At the semi-finals of the Venus Awards, Thames Valley last week our founder Rachel Eden was put through as a finalist for Entrepreneur of the year. Team member Lyndsay Henderson was in the running as the business mother of the year and made it to being a semi-finalist. Rachel shares her thoughts on being an ‘entrepreneur’.
When I was initially nominated as ‘entrepreneur of the year’ in the Venus awards I was in two minds about it. Although I’ve built Holy Brook Associates from the stereotypical ‘on my dining room table’ pipe dream to a values-based company that I’m hugely proud of that both serves our existing clients and is growing to serve new clients I’ve been reluctant to take the label of “entrepreneur”.

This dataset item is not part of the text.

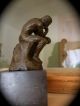 Skulptur Der Denker,  Bronze Figuren Hochwertige Schreibtisch Skulpturen 1950-1999 Bild 1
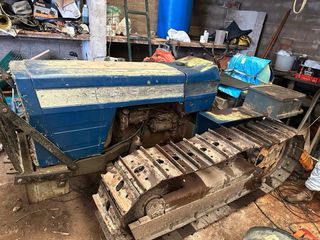 Tractor de cadenas ebro 70cv.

Being involved in the Venus awards, which is an award ceremony focused on women, has caused me to reflect on this. I’m meeting with the sponsor, Jack FM, tomorrow (13th April) and in preparing for this I’ve been thinking about why I have been slightly embarrassed by the term.
At the semi-finalist announcement, Tara Howard – the founder of the awards – pointed out that many of the women in other categories were entrepreneurs and yet hadn’t been nominated as such, so I know I’m not alone in this reluctance to take this label. It may be a gender-based thing, but I suspect quite a few men would have the same reluctance.
Perhaps it is because there is a stereotype of an entrepreneur being a young hotshot working in an office full of beanbags and taking excessive risks. Perhaps it is part of imposter syndrome – an entrepreneur is Steve Jobs or Richard Branson not ‘just me’.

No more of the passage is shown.